*GIVEN RECORDS*.
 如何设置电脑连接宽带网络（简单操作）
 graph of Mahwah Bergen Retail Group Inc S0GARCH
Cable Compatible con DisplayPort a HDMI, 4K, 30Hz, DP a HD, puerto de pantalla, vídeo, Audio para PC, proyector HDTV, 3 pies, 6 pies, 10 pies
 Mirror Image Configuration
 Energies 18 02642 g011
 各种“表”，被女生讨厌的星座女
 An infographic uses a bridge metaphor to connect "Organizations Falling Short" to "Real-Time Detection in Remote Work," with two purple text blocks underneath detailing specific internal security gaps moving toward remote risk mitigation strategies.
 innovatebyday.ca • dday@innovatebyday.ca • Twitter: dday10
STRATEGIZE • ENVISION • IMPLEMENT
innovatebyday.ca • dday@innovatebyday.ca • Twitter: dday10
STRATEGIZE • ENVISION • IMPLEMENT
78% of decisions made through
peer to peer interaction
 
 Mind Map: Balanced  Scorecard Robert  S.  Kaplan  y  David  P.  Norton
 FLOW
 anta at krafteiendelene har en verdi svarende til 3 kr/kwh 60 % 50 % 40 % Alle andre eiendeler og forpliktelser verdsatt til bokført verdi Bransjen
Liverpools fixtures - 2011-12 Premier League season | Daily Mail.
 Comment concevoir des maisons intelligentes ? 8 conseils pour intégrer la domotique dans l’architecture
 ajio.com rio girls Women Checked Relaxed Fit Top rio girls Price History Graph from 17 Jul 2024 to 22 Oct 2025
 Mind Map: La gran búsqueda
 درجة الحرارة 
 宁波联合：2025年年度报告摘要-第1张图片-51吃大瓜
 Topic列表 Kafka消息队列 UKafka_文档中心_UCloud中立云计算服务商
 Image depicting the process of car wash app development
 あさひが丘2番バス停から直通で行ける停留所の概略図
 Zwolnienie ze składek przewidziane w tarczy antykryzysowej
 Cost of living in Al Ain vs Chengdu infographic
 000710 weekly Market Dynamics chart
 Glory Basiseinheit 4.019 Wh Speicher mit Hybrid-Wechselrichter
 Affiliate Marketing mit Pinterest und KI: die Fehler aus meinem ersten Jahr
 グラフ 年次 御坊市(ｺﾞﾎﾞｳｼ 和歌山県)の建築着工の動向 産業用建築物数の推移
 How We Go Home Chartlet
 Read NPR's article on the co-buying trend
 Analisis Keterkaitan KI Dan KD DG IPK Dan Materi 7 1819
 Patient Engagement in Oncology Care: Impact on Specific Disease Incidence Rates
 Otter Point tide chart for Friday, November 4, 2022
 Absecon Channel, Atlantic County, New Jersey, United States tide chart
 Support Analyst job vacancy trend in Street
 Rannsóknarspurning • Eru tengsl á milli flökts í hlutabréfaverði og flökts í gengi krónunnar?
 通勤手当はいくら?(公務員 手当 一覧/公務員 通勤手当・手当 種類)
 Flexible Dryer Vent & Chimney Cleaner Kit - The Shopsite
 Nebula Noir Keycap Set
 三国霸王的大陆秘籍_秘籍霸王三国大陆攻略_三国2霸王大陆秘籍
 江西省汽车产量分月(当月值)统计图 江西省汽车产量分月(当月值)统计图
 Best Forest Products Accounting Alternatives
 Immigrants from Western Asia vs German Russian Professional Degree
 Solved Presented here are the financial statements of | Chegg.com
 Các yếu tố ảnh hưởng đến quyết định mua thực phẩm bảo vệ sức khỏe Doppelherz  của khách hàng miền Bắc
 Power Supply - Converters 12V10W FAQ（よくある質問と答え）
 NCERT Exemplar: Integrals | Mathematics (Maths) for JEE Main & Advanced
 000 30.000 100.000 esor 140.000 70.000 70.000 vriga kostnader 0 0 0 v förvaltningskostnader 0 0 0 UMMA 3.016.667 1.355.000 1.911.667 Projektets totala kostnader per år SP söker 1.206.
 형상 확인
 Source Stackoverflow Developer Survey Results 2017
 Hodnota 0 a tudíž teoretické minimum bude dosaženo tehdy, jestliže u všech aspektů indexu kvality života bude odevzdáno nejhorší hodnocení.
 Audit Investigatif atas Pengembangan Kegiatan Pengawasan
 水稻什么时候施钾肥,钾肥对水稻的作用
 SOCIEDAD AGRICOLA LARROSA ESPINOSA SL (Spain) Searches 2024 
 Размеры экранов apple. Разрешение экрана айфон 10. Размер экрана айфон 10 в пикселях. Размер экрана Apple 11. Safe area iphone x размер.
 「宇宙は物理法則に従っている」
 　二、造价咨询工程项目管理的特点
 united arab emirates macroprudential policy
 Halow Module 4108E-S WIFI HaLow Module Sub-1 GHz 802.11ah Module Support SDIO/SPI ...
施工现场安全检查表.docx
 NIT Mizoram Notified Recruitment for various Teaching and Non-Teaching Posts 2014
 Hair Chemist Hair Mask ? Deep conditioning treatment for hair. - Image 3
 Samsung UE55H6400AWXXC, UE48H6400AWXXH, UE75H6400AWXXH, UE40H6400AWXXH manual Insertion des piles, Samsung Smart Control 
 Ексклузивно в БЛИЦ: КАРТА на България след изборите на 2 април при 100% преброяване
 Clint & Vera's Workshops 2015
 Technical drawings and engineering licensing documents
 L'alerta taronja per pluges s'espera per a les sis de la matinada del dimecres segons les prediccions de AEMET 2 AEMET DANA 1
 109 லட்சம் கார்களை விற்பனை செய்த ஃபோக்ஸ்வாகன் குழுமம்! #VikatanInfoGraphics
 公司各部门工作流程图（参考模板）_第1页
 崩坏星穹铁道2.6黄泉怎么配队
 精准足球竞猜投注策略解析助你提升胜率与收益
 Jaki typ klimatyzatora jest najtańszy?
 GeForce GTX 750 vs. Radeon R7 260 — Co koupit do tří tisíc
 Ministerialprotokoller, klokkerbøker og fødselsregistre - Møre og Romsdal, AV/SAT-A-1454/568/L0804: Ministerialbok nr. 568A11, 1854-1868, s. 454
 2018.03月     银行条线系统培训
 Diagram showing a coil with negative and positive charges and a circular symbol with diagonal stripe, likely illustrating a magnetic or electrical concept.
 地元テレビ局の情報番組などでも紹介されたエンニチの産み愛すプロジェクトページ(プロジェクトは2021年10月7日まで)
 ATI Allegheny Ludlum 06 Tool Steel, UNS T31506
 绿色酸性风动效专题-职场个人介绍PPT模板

*WHAT YOU ARE ASKED TO DO*. From the line that has "Patient Engagement in" through the line that has "Best Forest Products Accounting Alternatives", copy every line exactly as it appears above, and leave out all others.

*TASK RESULT*.
 Patient Engagement in Oncology Care: Impact on Specific Disease Incidence Rates
 Otter Point tide chart for Friday, November 4, 2022
 Absecon Channel, Atlantic County, New Jersey, United States tide chart
 Support Analyst job vacancy trend in Street
 Rannsóknarspurning • Eru tengsl á milli flökts í hlutabréfaverði og flökts í gengi krónunnar?
 通勤手当はいくら?(公務員 手当 一覧/公務員 通勤手当・手当 種類)
 Flexible Dryer Vent & Chimney Cleaner Kit - The Shopsite
 Nebula Noir Keycap Set
 三国霸王的大陆秘籍_秘籍霸王三国大陆攻略_三国2霸王大陆秘籍
 江西省汽车产量分月(当月值)统计图 江西省汽车产量分月(当月值)统计图
 Best Forest Products Accounting Alternatives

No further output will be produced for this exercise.